Searching Your Hard Disk
Here are a few questions about computers I’ve received recently from people like you, and my answers. I have edited and restated the questions a bit, for readability. This week my mailbox contained questions about searching your hard disk, copying your Outlook Express address book and using the cookie-management features of a Web browser.
If you have a question, send it to me at firstname.lastname@example.org, and I may select it to be answered here in Mossberg’s Mailbox.
I am moving from an old Dell with Windows XP to a new one. I want to move over a wonderful picture of a covered bridge that I use for my desktop. It has family significance, and it’s my only copy. But, I can’t find the bridge picture anywhere. I didn’t keep all my photos in the “My Pictures” folder and have no idea where they all are.
If you go to the Display control panel, select the Desktop tab and highlight the name of your bridge picture (which should be listed there), and then click on Browse, you may see the folder where the picture resides.
This doesn’t always work. If it doesn’t, because this picture has personal significance for you, I suspect it would be worth it for you to spend some time and effort to conduct a thorough search. And, since the built-in search in Windows is awful, I suggest you download and install one of two free search programs that can find pictures anywhere on your hard disk and show you a preview of them.
Both Yahoo Desktop Search (at desktop.yahoo.com) and MSN Desktop Search (at toolbar.msn.com) meet that description (the popular Google desktop search has no preview feature). They require time to index your hard disk, but, once they do so, they should be able to locate and find your bridge picture.
Is there any way I can copy the address book used by Outlook Express so I can move it to a second computer?
Yes. The address book is contained in a file whose name is usually your user name, followed by a period and the letters “WAB,” for Windows Address Book. It usually resides deep in a subfolder in the Documents and Settings folder.
To find it, use the built-in Windows search system (it’s weak, but can do this particular task) or a third-party search program to search for “WAB” or “.WAB”. It should come up. Once you find it, you can just copy it like any file to a removable medium, like a writable CD or a USB thumb drive, or even email it to yourself.
When you copy it to your new computer, remember where you placed it. Then, open Outlook Express on the second computer, and open the address book by going to the Tools menu and clicking on Address Book. Go to the address book’s File menu, select Import, and click Address Book (WAB). Navigate to the address-book file that you copied from the first PC, and then click Open.
Why do you recommend using antispyware software to get rid of tracking cookies? Isn’t it more effective to just use the cookie-management features of a Web browser to delete these cookies or block them in the first place?

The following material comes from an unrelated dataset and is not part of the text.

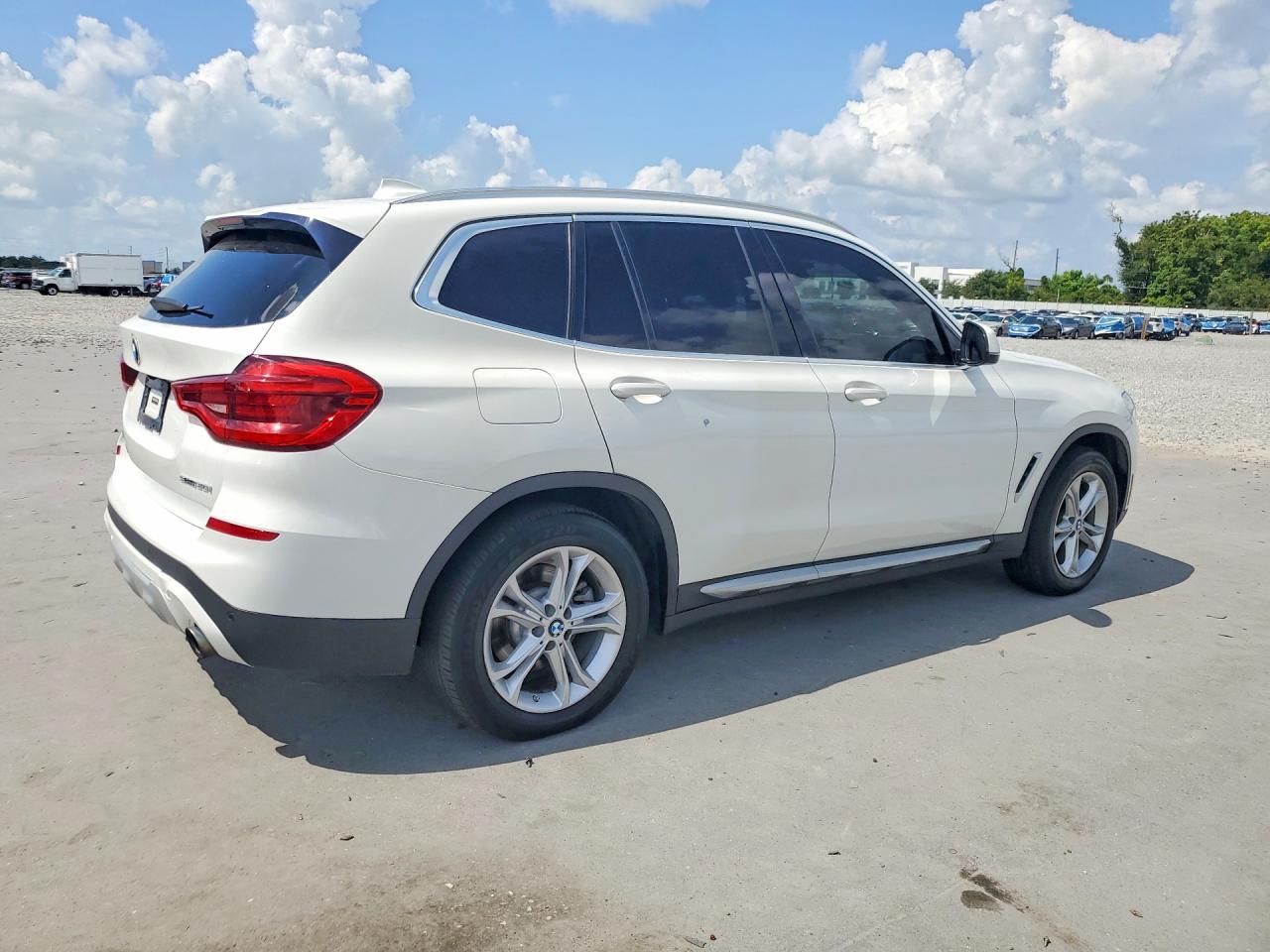 2020 BMW X3 Sdrive30I - zdjęcie 3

No. The cookie-management features in popular browsers don’t distinguish between tracking cookies, a type of spyware that records your activities online, and the many helpful cookies you probably want to keep, like those that store your login information or preferences on a site. Some allow you to block or delete only “third-party” cookies, which might trap some tracking cookies placed by Internet advertising firms who aren’t the actual operators of the Web sites you visit. But this may not always work.
Instead, I recommend using a good antispyware program, which every Windows user should be running anyway. These programs aren’t focused on cookies in general, but on every kind of computer code, including tracking cookies, that qualify as spyware and adware. They detect tracking cookies by maintaining lists of the most common ones, and they update this information constantly. They leave nontracking cookies alone.
Of course, you could use both methods. You could set your browser to reject third-party cookies (assuming that this doesn’t impair your browsing experience) and still run regular spyware scans to catch any tracking cookies that still make it through.